Parent shall use commercially reasonable efforts to cause the Registration
Statement to be declared effective as soon as practicable after the filing.
Parent shall prepare and file with the SEC a report on Form 8K under the
Securities Exchange Act of 1934, as amended (the "1934 ACT"), reflecting the
transaction contemplated by the Contribution Agreement, including all financial
statements (historical and pro forma) required to be filed in connection
therewith, as soon as commercially practicable after the Closing Date, but in no
event later than thirty (30) days after the Closing Date.

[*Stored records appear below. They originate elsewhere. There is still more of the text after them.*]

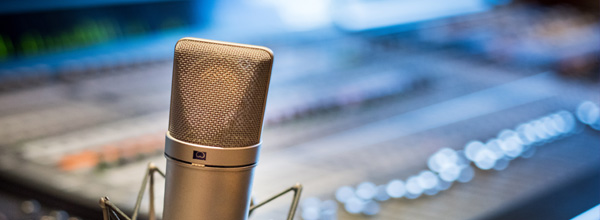 A microphone sits in focus in front of a multi-channel audio control board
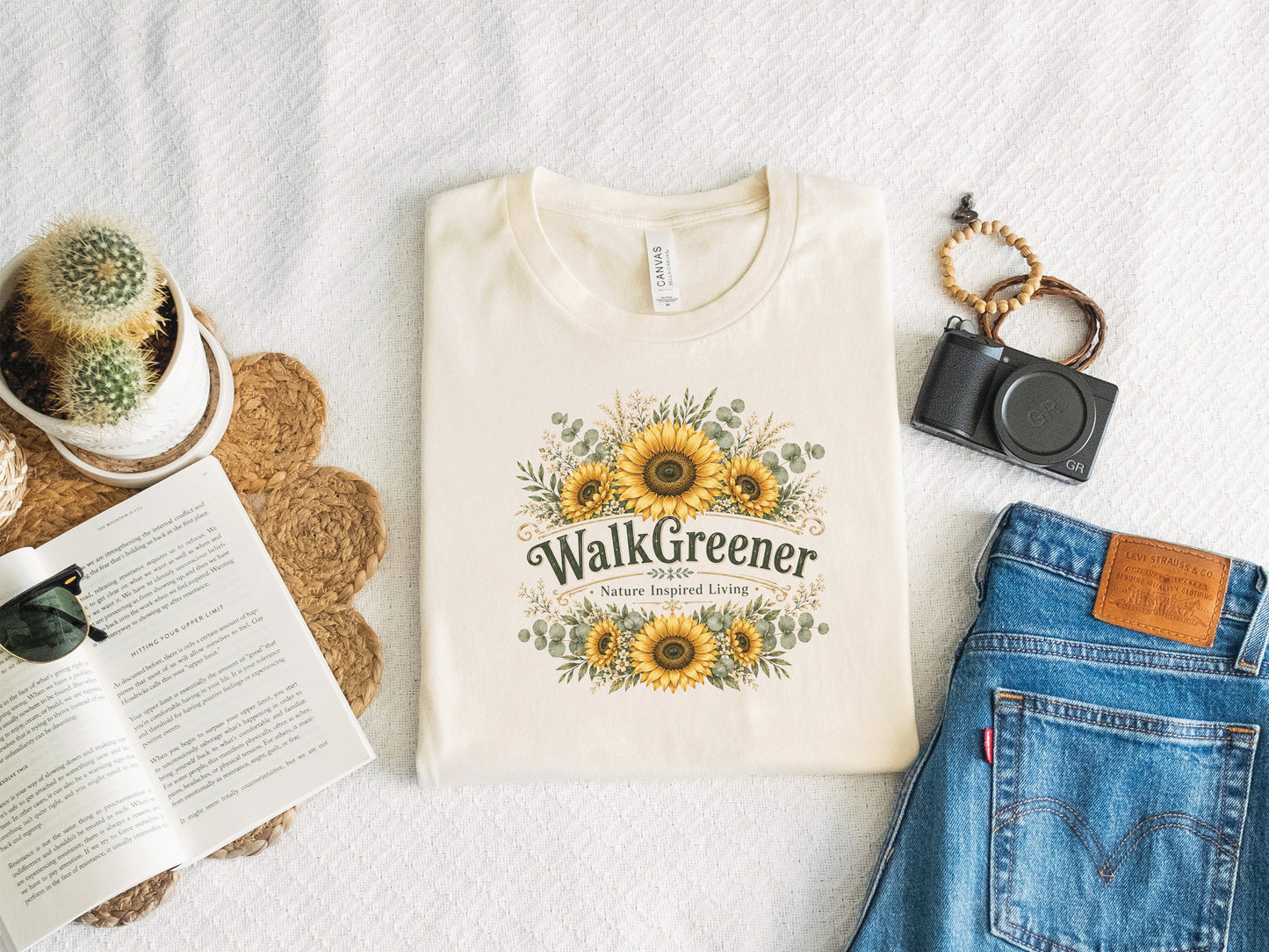 Cream t-shirt with "Walk Greener Nature Inspired Living" and sunflower graphic.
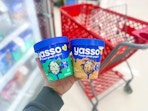 hand holding 2 yasso frozen greek yogurt in front of target cart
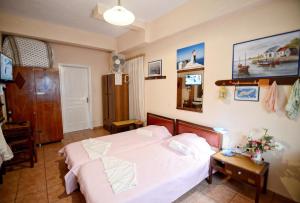 a bedroom with a white bed and a table at Ikaria Studios in Manganítis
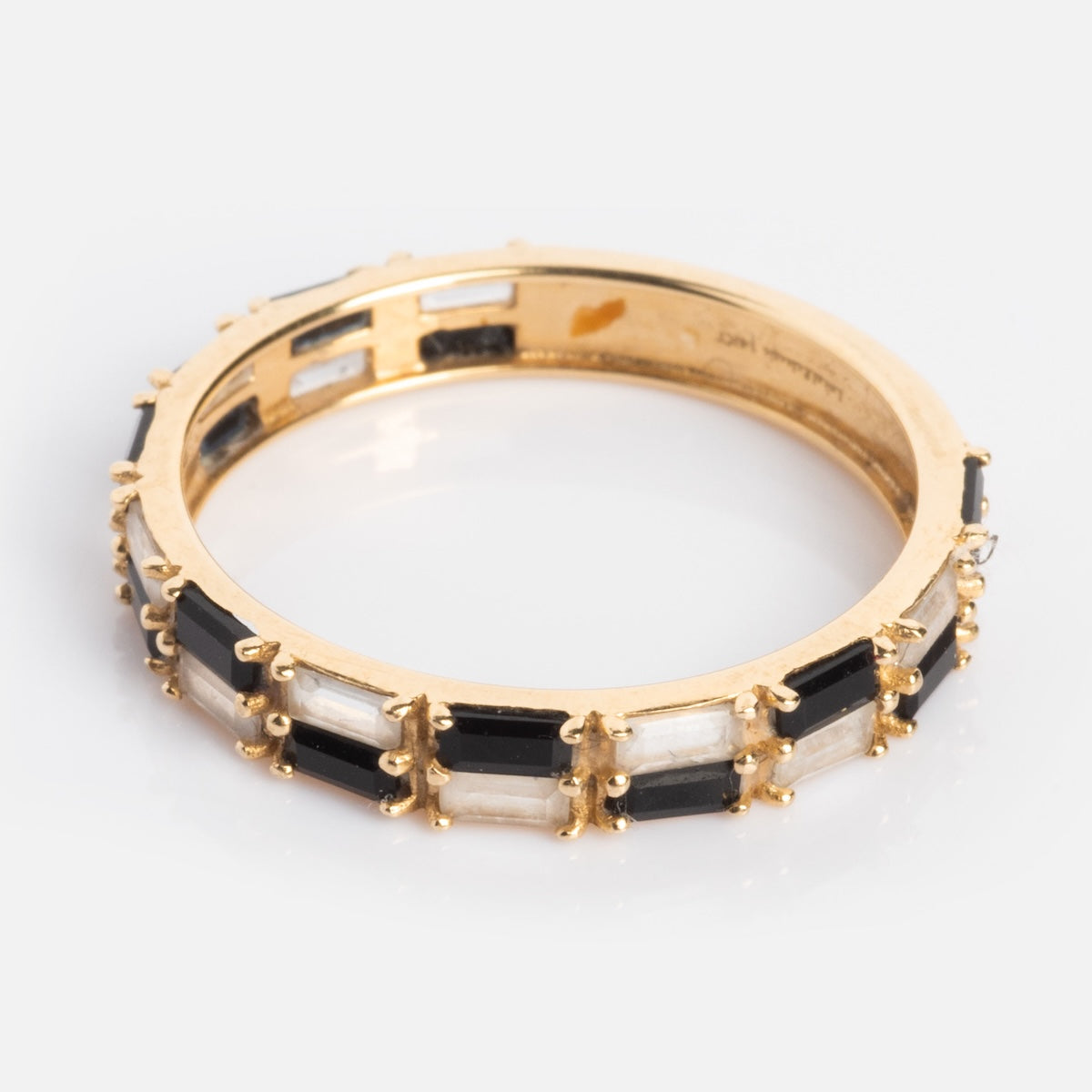 The Solid Gold Black and White Checkerboard Band features alternating rectangular black agate and white topaz gemstones set with delicate prongs, presented on a plain white background.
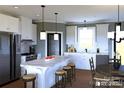 Bright kitchen features a large island with seating, white cabinetry, modern appliances, and stylish pendant lighting at 1821 Country Club Rd, Wadesboro, NC 28170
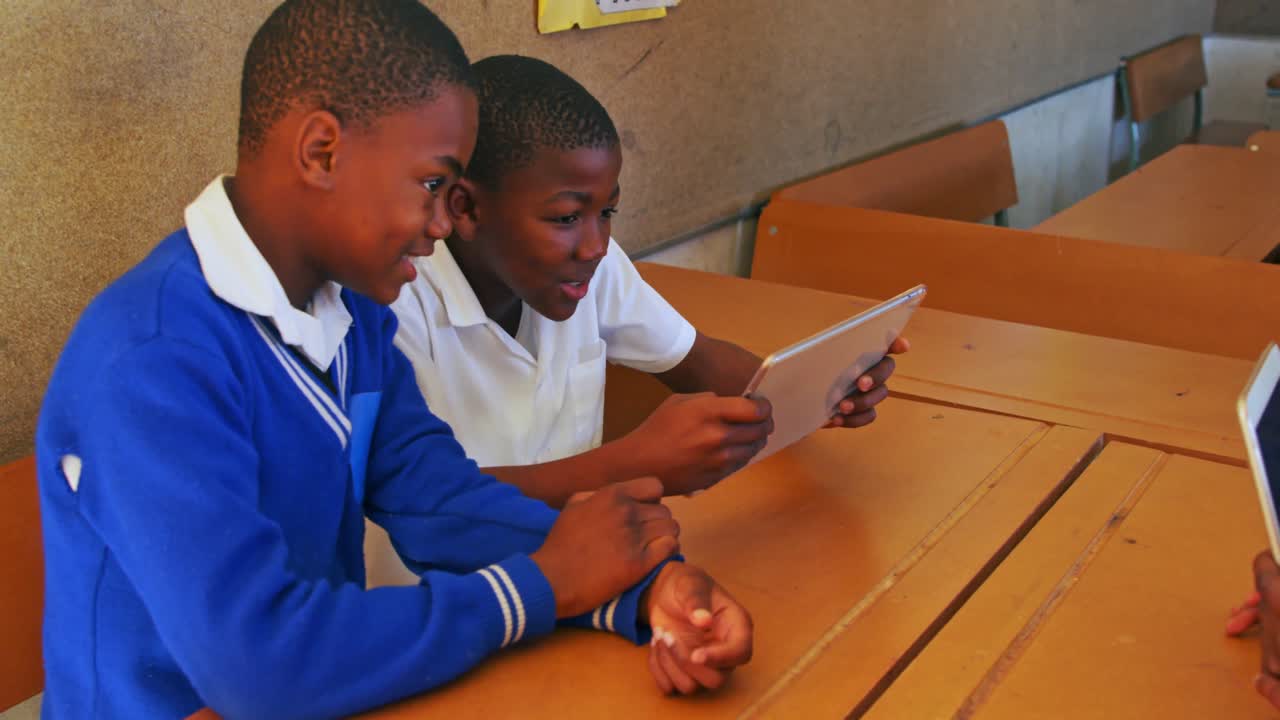 Schoolboys using a tablet during a break at a township school 4k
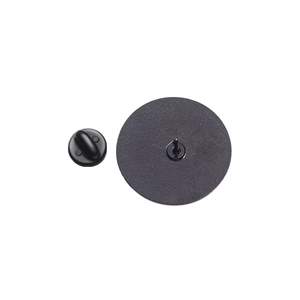 Macro view of matte black metal badge base and rubber pin back on white background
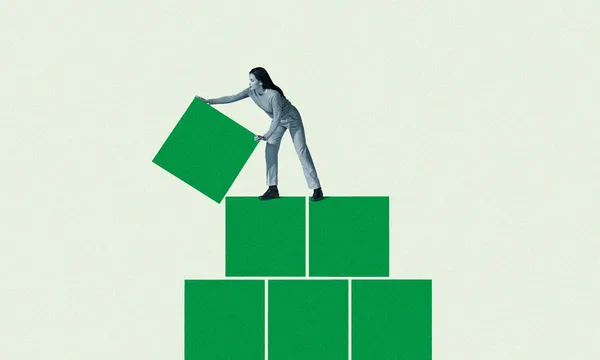 Young woman building green block pyramid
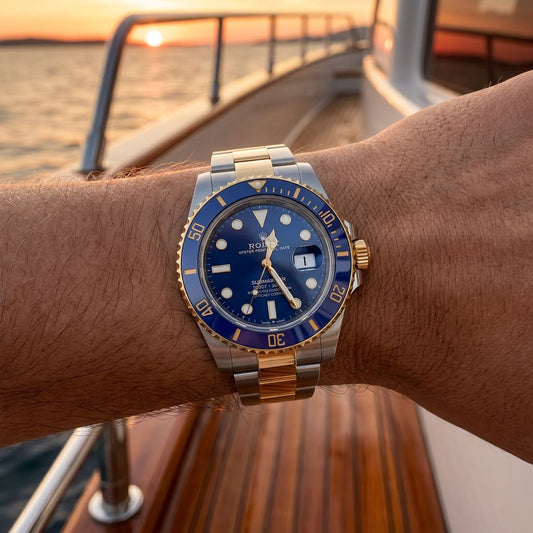 A Rolex Submariner watch with a blue dial and blue bezel, paired with a two-tone steel and gold bracelet, worn on a person's wrist on a wooden boat deck at sunset.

            (b) The Shareholders shall furnish such information as Parent may
reasonably request in connection with the preparation of the Registration
Statement in order to permit Parent to comply with all applicable securities
laws and requirements of the SEC. Upon the effectiveness of the Registration
Statement with the SEC, pursuant to the terms of this Agreement, the
Registerable Shares may be sold in accordance with the Registration Statement
under the 1933 Act. Subject to the terms of this Agreement, Parent shall use
commercially reasonable efforts to cause the Registration Statement to remain
effective until the earlier of (i) the date on which all Registerable Shares
covered by the Registration Statement have been sold to the public pursuant to
the Registration Statement or (ii) two years after the Closing Date, provided
that such two year period shall be extended by the duration of any Blackout
Period(s) (the "REGISTRATION EFFECTIVE PERIOD").

        1.3 OTHER SHARES. Parent may include in the Registration Statement under
this Section 1 any shares of common stock of Parent ("PARENT COMMON STOCK")
(including issued and outstanding shares of Parent Common Stock as to which the
holders thereof have contracted with Parent for "piggyback" registration
rights); provided, however, that the registration or resale of the entire number
of Registerable Shares pursuant to such Registration Statement shall be honored
first and shall take precedence over the inclusion of such other shares of
Parent Common Stock.

                         SECTION 2: PARENT'S OBLIGATIONS

        In connection with the Registration Statement referred to in Section
1.2, Parent shall:

        2.1 REGISTRATION STATEMENT. Prepare and file with the SEC the
Registration Statement with respect to the Registerable Shares and thereafter
use commercially reasonable efforts to cause the Registration Statement to
become and remain effective for the period set forth in Section 1.2.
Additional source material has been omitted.